Foreign and Defense Policy, Terrorism

Hero or War Criminal?

The Washington Post reports today on Monday’s memorial ceremony at the CIA, at which a dozen new stars were placed on the wall honoring CIA officers and contractors who have given their lives in defense of our country—including those killed by an al Qaeda suicide bomber at a CIA base in Afghanistan.

One of those stars commemorated a CIA officer whose identity was only made public yesterday—Jennifer Lynne Matthews, a mother of three from Northern Virginia who was the chief of the CIA base struck by the terrorists.

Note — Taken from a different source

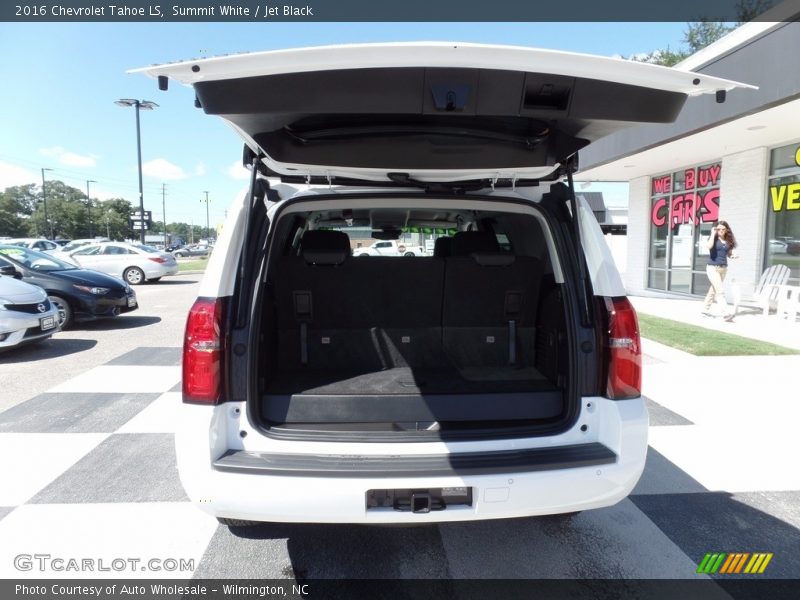 Summit White / Jet Black 2016 Chevrolet Tahoe LS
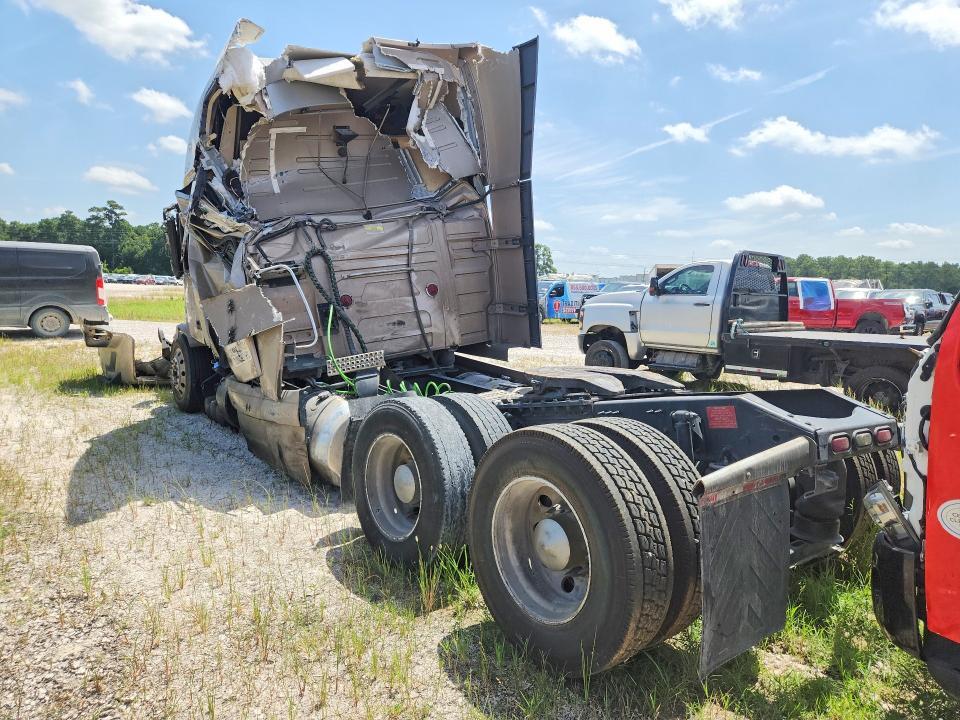 2017 Volvo VNL Semi Truck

According to the Post, Matthews “had been one of the CIA’s top experts on al-Qaeda and a veteran targeteer in the agency’s air war against terrorist groups.”

As I point out in the Washington Post today,  in the eyes of the American Civil Liberties Union and the United Nations, this makes Matthews not a hero, but a murderer. According to the ACLU, Matthews was engaged in a “program of long-premeditated and bureaucratized killing” and that “violates international law.” According to the UN special rapporteur, her actions “constitute extrajudicial executions.” In fact, neither is true. Matthews was not a war criminal; she was a patriot who gave her life so that the rest of us can live safe from terror. She deserves better.

In addition to Matthews, the ceremony at CIA headquarters also honored others killed at the base in Afghanistan, including Darren LaBonte, 35; Elizabeth Hanson, 31, an analyst; Harold Brown Jr., a retired Army officer from Fairfax; Scott Michael Roberson, a former narcotics officer from Atlanta; Jeremy Wise, a former Navy Seal from Virginia Beach; Dane Clark Paresi, a former Special Forces soldier from Dupont, Washington; and several others killed elsewhere on clandestine missions in recent years. These individuals—and all the men and women of the CIA—deserve our respect and gratitude for the sacrifices they make to protect us from harm. Every American should take a moment to remember those secret warriors who gave up their futures so that we could enjoy ours—and to say a prayer for the families they left behind, who will never fully know their achievements, and continue to mourn an unbearable loss.